(Beginning of EXTRACTED RECORDS)

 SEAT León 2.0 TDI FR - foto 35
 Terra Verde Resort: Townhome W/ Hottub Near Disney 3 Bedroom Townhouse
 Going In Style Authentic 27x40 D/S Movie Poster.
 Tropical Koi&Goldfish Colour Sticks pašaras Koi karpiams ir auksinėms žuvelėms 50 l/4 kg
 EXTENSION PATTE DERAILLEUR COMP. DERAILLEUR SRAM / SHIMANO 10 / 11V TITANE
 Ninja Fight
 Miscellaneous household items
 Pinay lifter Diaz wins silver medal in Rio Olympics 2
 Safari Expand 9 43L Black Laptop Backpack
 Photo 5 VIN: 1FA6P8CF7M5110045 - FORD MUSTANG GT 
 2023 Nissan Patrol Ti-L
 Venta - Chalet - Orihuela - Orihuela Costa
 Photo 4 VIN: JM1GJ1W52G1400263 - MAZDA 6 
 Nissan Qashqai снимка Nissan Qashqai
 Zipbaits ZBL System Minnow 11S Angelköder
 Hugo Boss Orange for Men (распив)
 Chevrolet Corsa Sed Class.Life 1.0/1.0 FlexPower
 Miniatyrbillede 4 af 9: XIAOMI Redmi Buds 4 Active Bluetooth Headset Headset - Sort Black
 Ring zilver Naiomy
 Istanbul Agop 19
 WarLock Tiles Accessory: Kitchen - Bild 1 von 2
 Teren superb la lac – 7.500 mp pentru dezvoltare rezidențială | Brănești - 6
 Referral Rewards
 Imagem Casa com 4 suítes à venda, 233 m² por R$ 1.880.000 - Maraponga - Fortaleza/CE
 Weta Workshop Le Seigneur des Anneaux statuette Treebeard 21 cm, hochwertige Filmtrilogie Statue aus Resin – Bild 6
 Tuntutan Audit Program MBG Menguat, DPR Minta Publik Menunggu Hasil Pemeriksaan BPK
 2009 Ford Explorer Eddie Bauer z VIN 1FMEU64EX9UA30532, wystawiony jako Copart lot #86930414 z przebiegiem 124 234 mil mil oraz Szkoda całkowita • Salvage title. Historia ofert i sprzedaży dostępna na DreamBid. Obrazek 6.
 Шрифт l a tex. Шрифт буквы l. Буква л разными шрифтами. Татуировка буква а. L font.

(End of EXTRACTED RECORDS)

PROMPT :: In the entries above, copy each line that contains the string "Bild".

RESPONSE AREA ::
 WarLock Tiles Accessory: Kitchen - Bild 1 von 2
 Weta Workshop Le Seigneur des Anneaux statuette Treebeard 21 cm, hochwertige Filmtrilogie Statue aus Resin – Bild 6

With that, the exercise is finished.